* _Task prompt_:
Starting at the line that contains "مالکین زمین پردیسان", output each line exactly as written through the end of the listing below, but leave out the pictures.

* _Supplied material_:
------------------------------
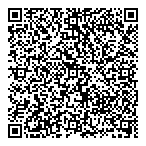 QR код "АльпPRO"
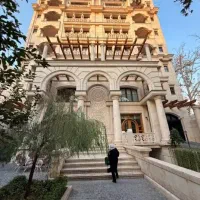 مالکین زمین پردیسان و منطقه ۱و۴ (مطالعه فرمایید)|فروش زمین و ملک کلنگی|قم, پردیسان|دیوار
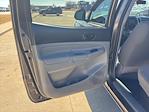 2015 Toyota Tacoma Double Cab 4x4 Pickup for sale #C539102 - photo 15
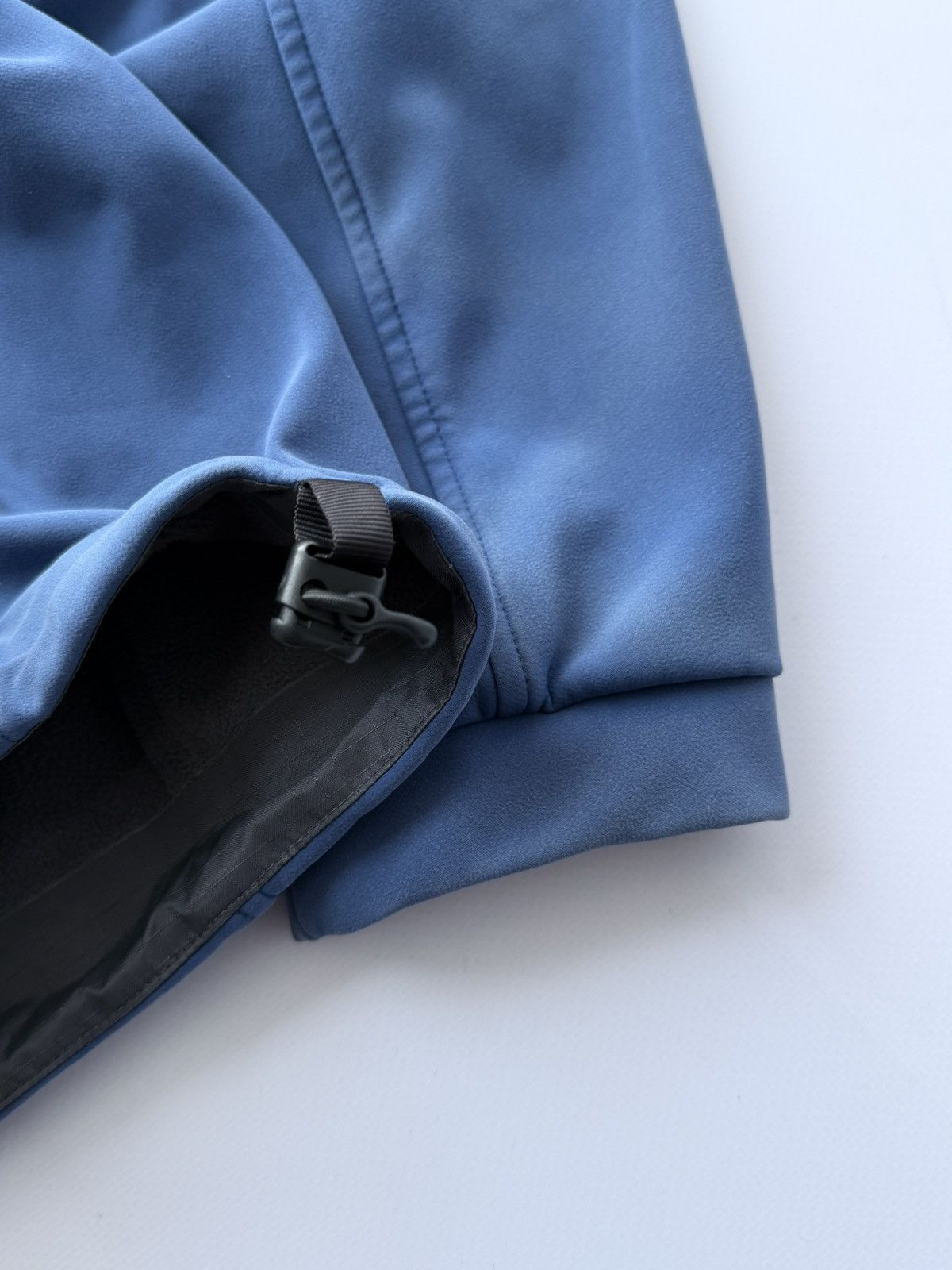 Arc'teryx Arcteryx Gamma MX Jacket Gorpcore Size US M / EU 48-50 / 2 - 6 Thumbnail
------------------------------
* _Answer section_:
 مالکین زمین پردیسان و منطقه ۱و۴ (مطالعه فرمایید)|فروش زمین و ملک کلنگی|قم, پردیسان|دیوار
 2015 Toyota Tacoma Double Cab 4x4 Pickup for sale #C539102 - photo 15
 Arc'teryx Arcteryx Gamma MX Jacket Gorpcore Size US M / EU 48-50 / 2 - 6 Thumbnail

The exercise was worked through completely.